I was raised Christian. Catholic originally, and then Christian as I got older. I met some of the most amazing people in the world. And somehow I also gained a significant amount of shame.

I didn’t fit in the box.

I was gay. Something was “wrong” with me. I had absolutely no self-esteem because no matter how nice I was, how giving, how loving...no matter how much praise I received, no matter whom it came from...underneath it all, I knew I was bad, gross, dirty, NOT GOOD ENOUGH.

Not enough.

I had failed God and I was definitely failing everyone else. I carried that for so many years.

I spent several of my teenage years trying to get right with the fact that I would choose to be childless, single, and celibate. For God. I would give up my deepest desires because I just wanted Him to see how much I loved Him. Because even if I didn’t understand His ways, I knew they were higher than MY ways, my desires.

But then, I couldn’t keep it in anymore.

So I felt like I had to choose. And I chose “wrong.” I chose love, acceptance of myself, grace, and compassion.

I chose me.

It took many, MANY years for me to even begin to be comfortable with myself and my sexuality. And I am NEVER going back. I am going to continue loving myself, my sexuality, sex, and all of the good things life has to offer.

Thank god I finally realized I didn’t have to choose. It wasn’t God OR myself. It was God/Divine IN myself.
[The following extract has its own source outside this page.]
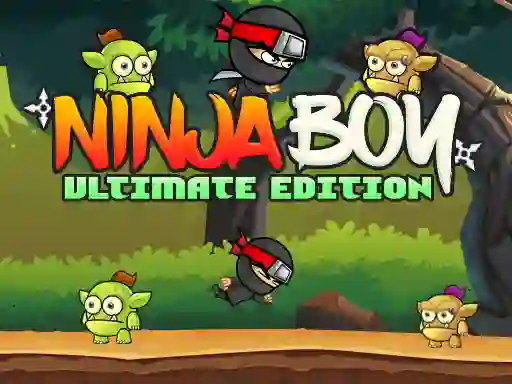 Ninja Boy Ultimate Edition — безкоштовна онлайн гра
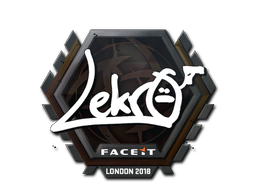 Sticker | Lekr0 | Londres 2018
That light that you see in me, that’s God, that’s Source, that’s Love, that’s Light. For several years I have explored the reality that I am “spiritual and not religious.”

What does that mean for me? It means I sing praise songs AND Lizzo. I am inspired by Bible verses AND other spiritual and non-spiritual texts. I relate to people of all religions AND no religion. I love people AND I love me.

Love is abundant. Never-ending. There really is no cap.

And that is where all of me comes from. It is where I begin and end my days, where I go when I am sad and scared, where I return to when I need to pray for those around me, what I seek when my heart breaks with a fellow human, and where I find my joy. It’s Love. You call him God/Goddess/Universe/Source/Love/Divine/Light/Yahweh. I call it Love.

Different names, one source. Love.

My question to you -- instead of “whom do you pray to,” I’m curious, what lights up your soul?